Here’s the tunnel group configuration for the Easy VPN server:

ciscoasa(config)# ip local pool eng_pool 10.0.1.224-10.0.1.254
                      mask 255.255.255.0
ciscoasa(config)# access-list ACLnonat permit ip 10.0.0.0 255.0.0.0
                      10.0.1.224 255.255.255.224
ciscoasa(config)# nat (inside) 0 access-list ACLnonat
ciscoasa(config)# tunnel-group engineers type ipsec-ra
ciscoasa(config)# tunnel-group engineers type general-attributes
ciscoasa(config-tunnel-general)# authentication-server-group LOCAL
ciscoasa(config-tunnel-general)# default-group-policy eng_policy
ciscoasa(config-tunnel-general)# address-pool eng_pool
ciscoasa(config)# tunnel-group engineers ipsec-attributes
ciscoasa(config-tunnel-ipsec)# pre-shared-key thisISaSECRET
ciscoasa(config-tunnel-ipsec)# isakmp keepalive threshold 30 retry 5
ciscoasa(config-tunnel-ipsec)# exit
ciscoasa(config)# username richard password mysecret privilege 0

I’ve created a local address pool and exempted it from address translation. The tunnel group, “engineers,” is a remote access tunnel group. The general attributes specify that authentication is done locally (the user account is defined at the bottom of the list), the policy to use (“eng_policy”), and the addresses to use for the remote internal addresses (“eng_pool”). The IPSec attributes for the tunnel group define the pre-shared key to use for authentication and enable DPD with a keepalive interval of 30 seconds.

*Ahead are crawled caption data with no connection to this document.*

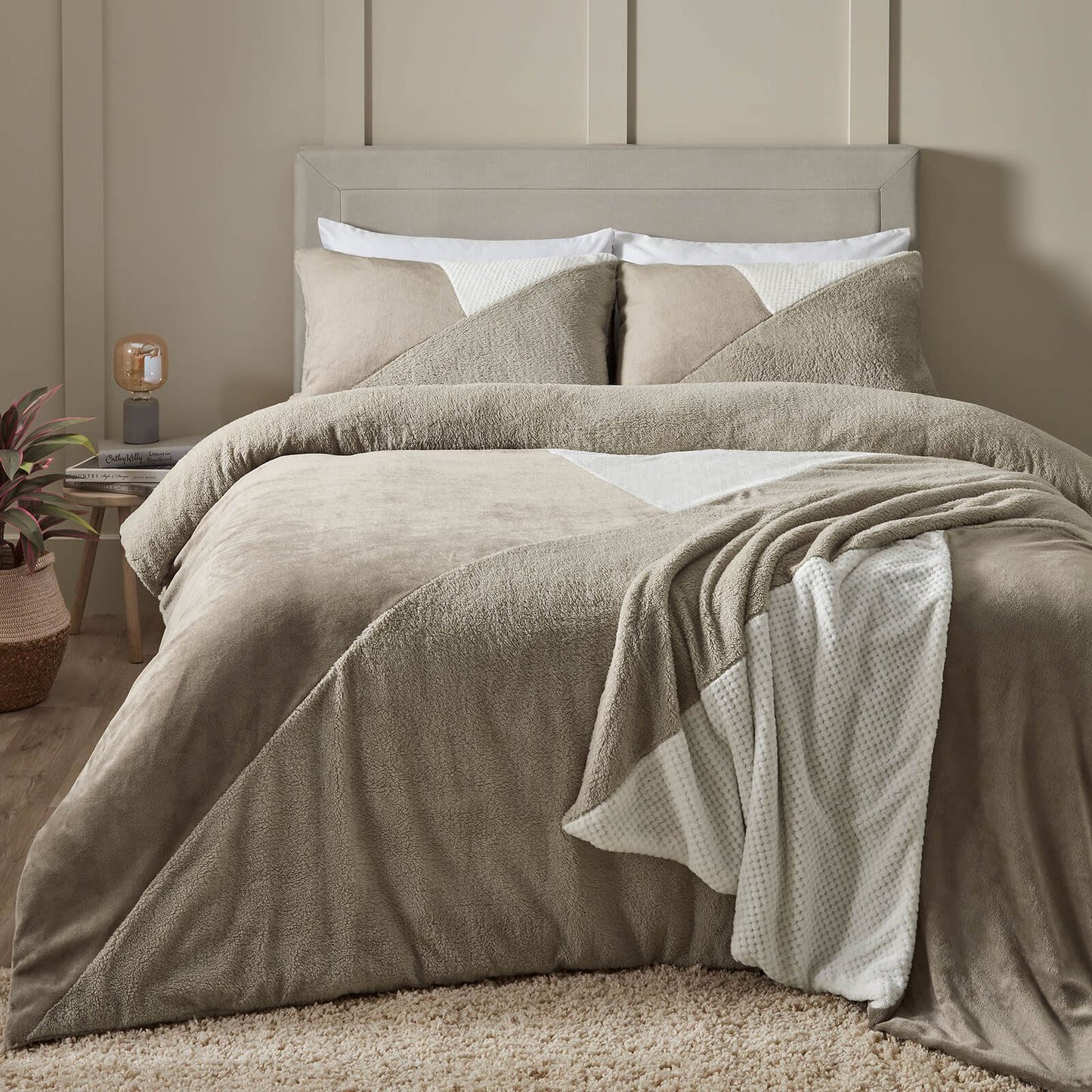 Cosy Larsson Geo Fleece Natural Duvet Cover Set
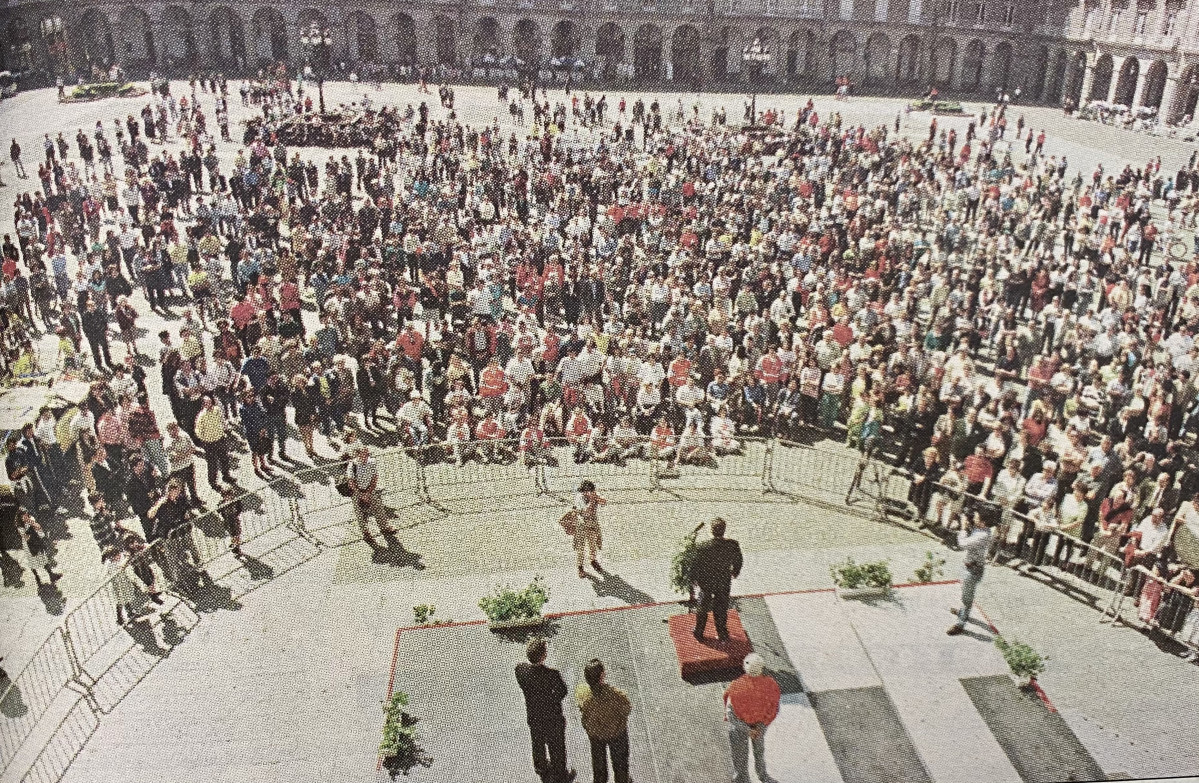 Manifestaciu00f3n por la liberaciu00f3n de Ortega Lara y Delclaux en Maru00eda Pita 1997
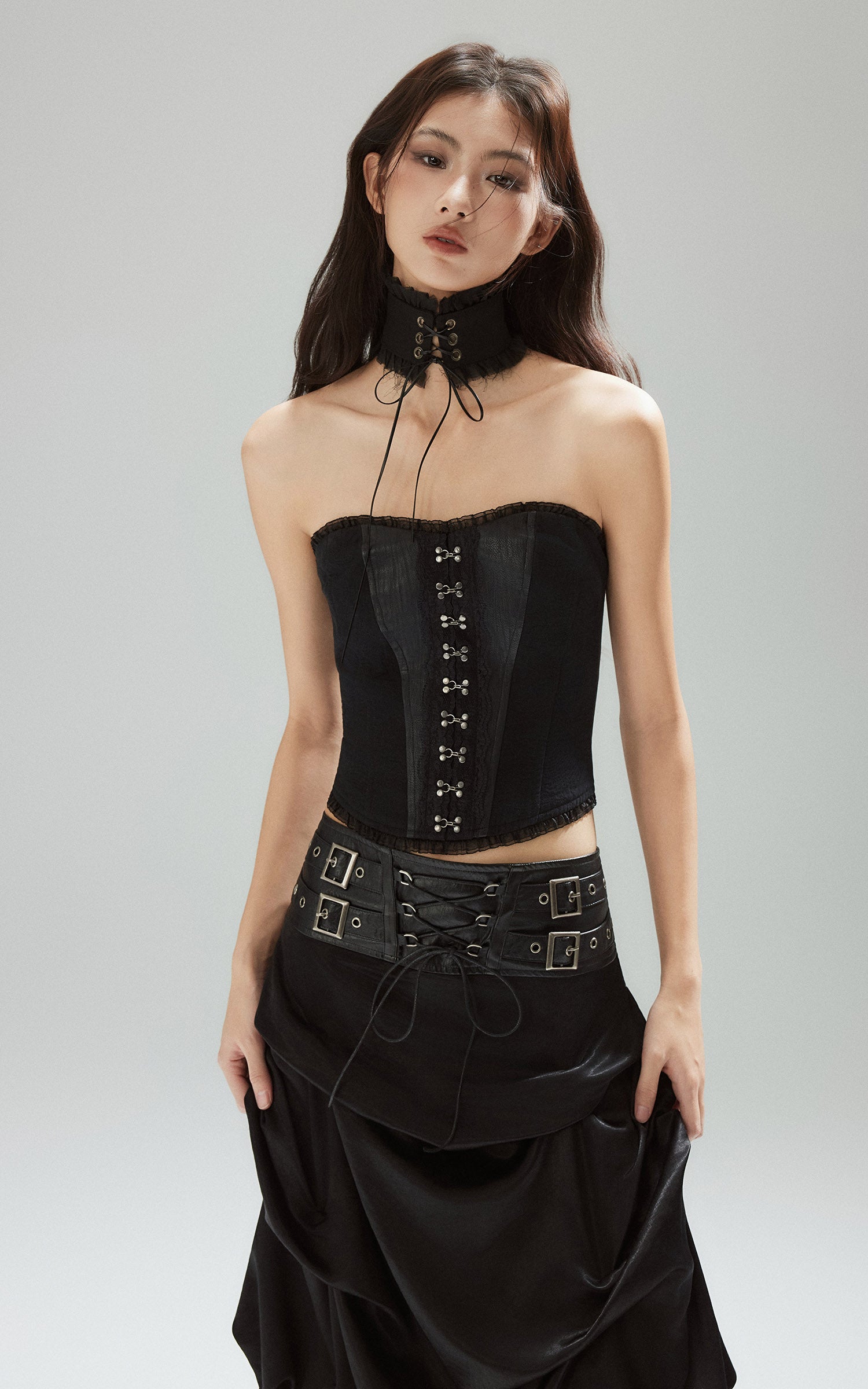 Low pixel Black Hook-Front Strapless Corset Top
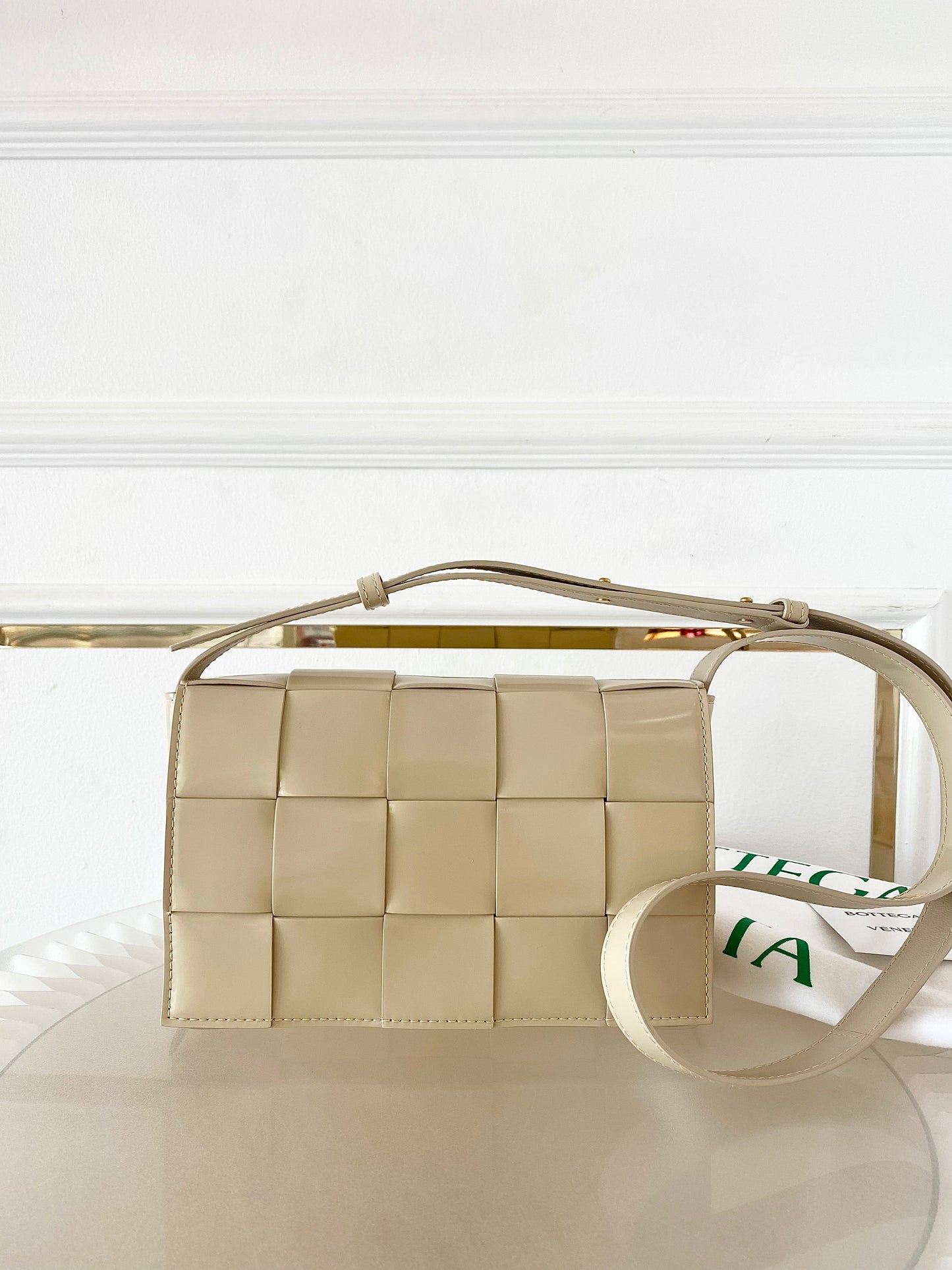 BOTTEGA VENETA Cassette Beige in Leather Bag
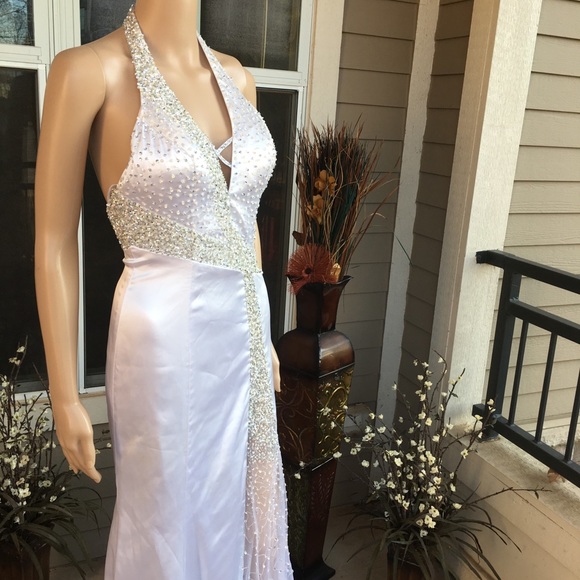 Exclusive for Diamonds bridal & formal dress - Picture 12 of 16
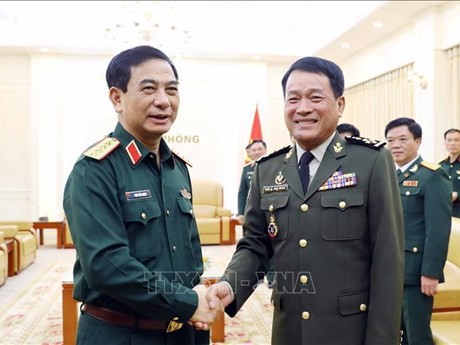 El ministro de Defensa de Vietnam, general Phan Van Giang (izquierda) y general Vong Pisen, comandante en jefe de las Fuerzas Armadas Reales de Camboya. (Foto: VNA)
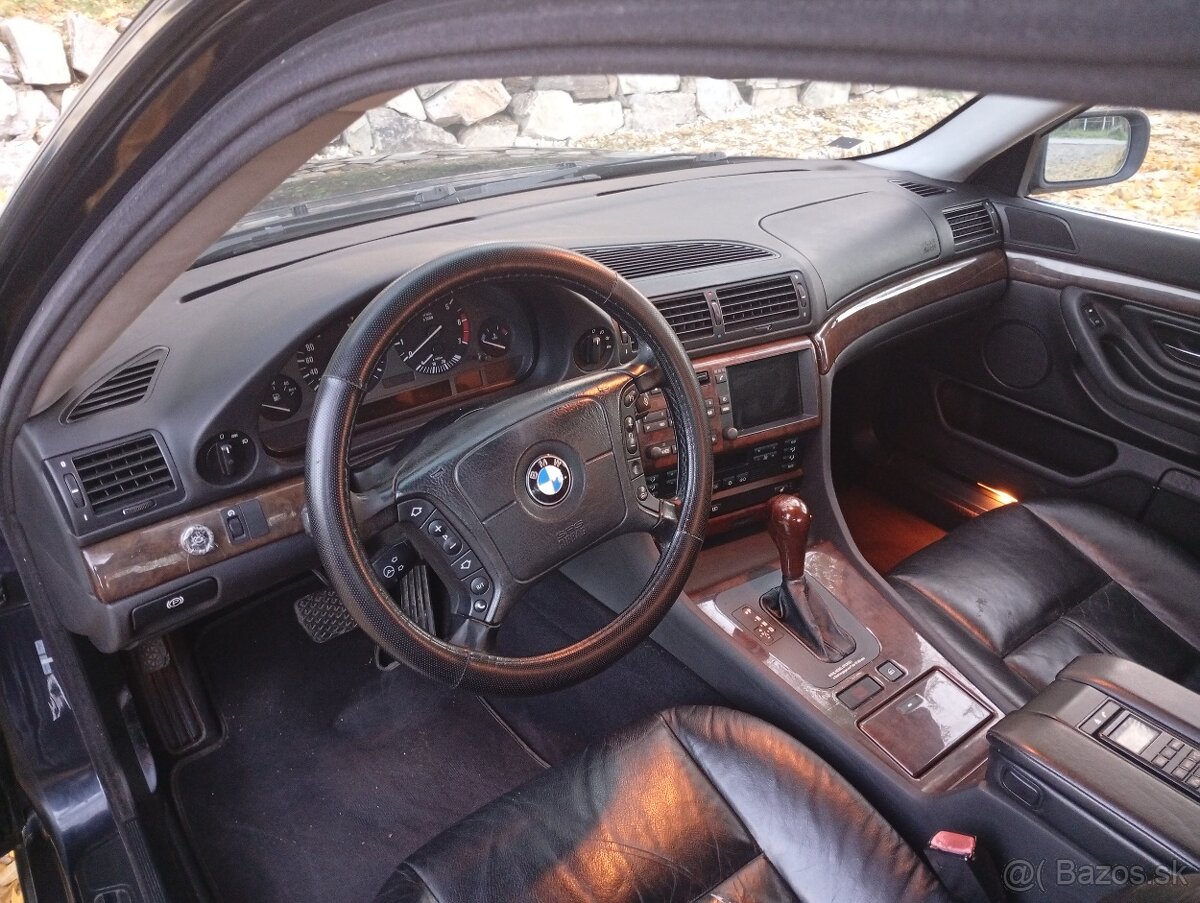 BMW e38 - 2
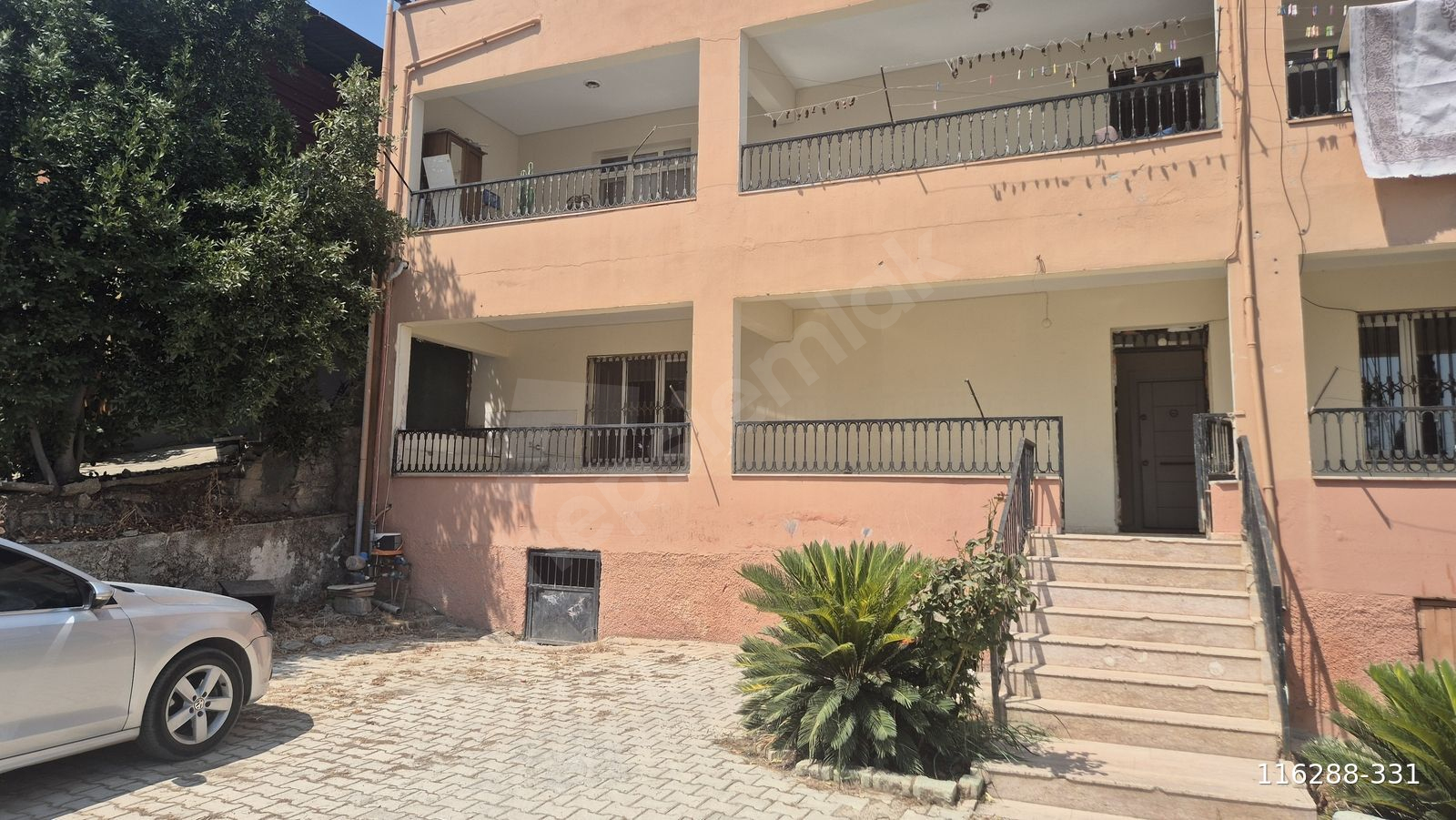 MİMAR SİNAN MAH.2 KATLI BİNANIN 1.KATI 3+1 180 M2 DAİRE SATILIK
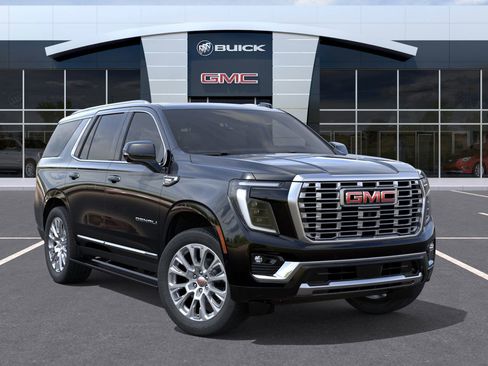 Used 2025 GMC Yukon Denali w/ Denali Reserve Package image 8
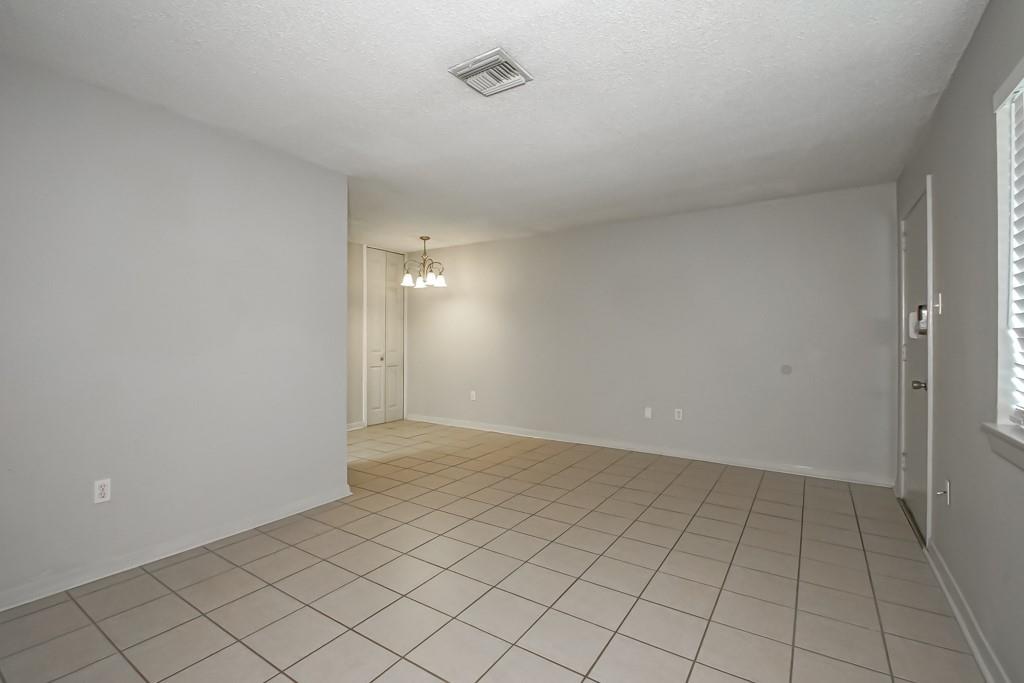 Listing Photo 5 - Condo for sale in building located at 6901 Veterans Memorial Blvd, Metairie, LA 70003 - Unit #7
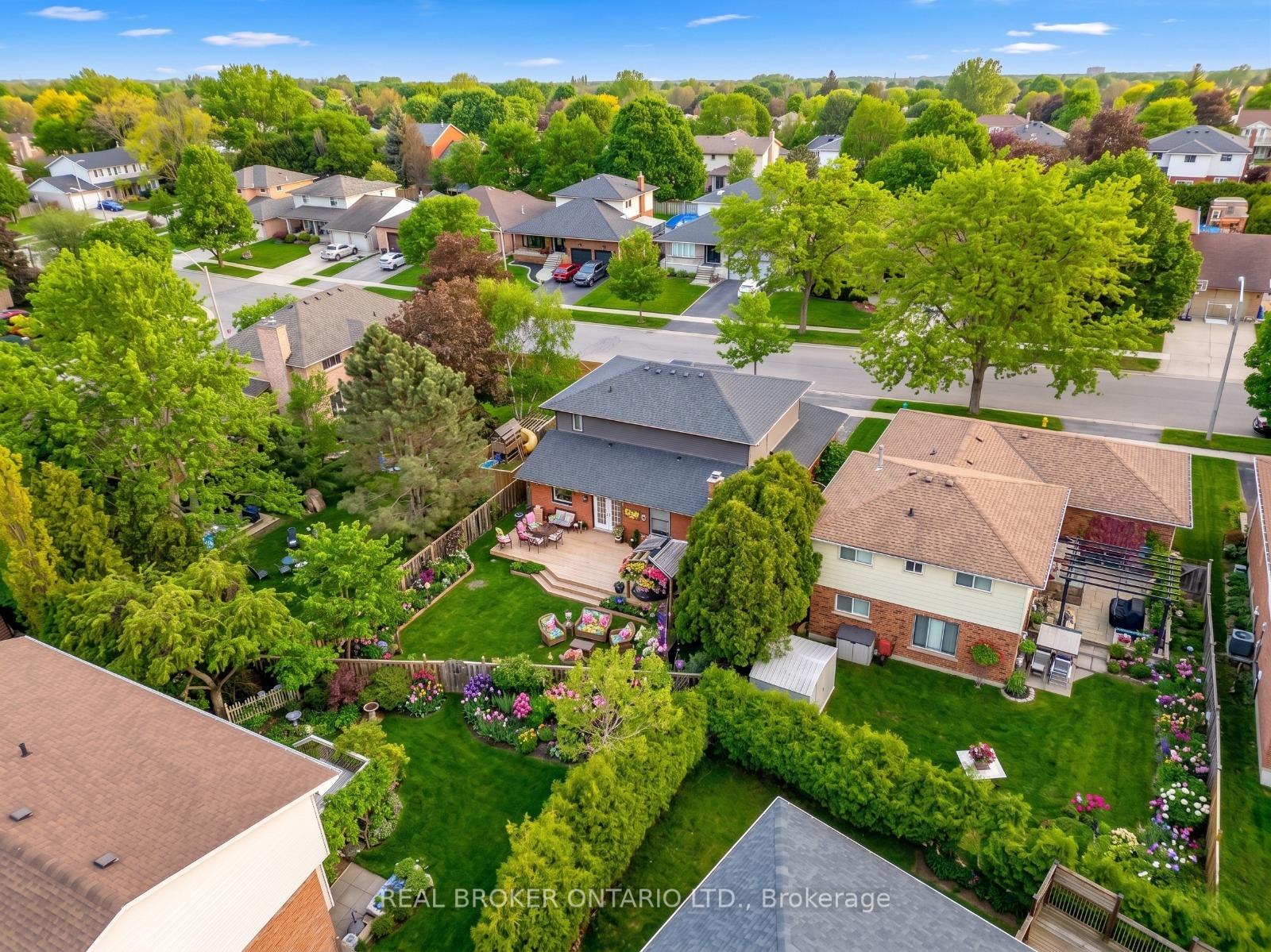 Photo 43 of 52 Beckett Drive, Brantford, Empire South — HOMEH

The following is the Phase 2 configuration for the Easy VPN server:

ciscoasa(config)# crypto ipsec transform-set eng_trans
                      esp-3des esp-md5-hmac
ciscoasa(config)# crypto dynamic-map dyn_map 1 set
                      transform-set eng_trans
ciscoasa(config)# crypto dynamic-map dyn_map 1 set reverse-route
ciscoasa(config)# crypto map stat_map 10000 ipsec-isakmp
                      dynamic dyn_map
ciscoasa(config)# crypto map stat_map interface outside

A transform set has been created, called eng_trans, and it’s referenced in a dynamic crypto map (“dyn_map”) entry, along with RRI. The dynamic crypto map is then embedded in a static crypto map (“stat_map”), and the static map is activated on the appliance outside interface.

Note

Based on the number of commands and the chance of missing something in the configuration, most administrators prefer using ASDM to at least initially set up an Easy VPN server on the appliance, and then use the CLI to change and manage it.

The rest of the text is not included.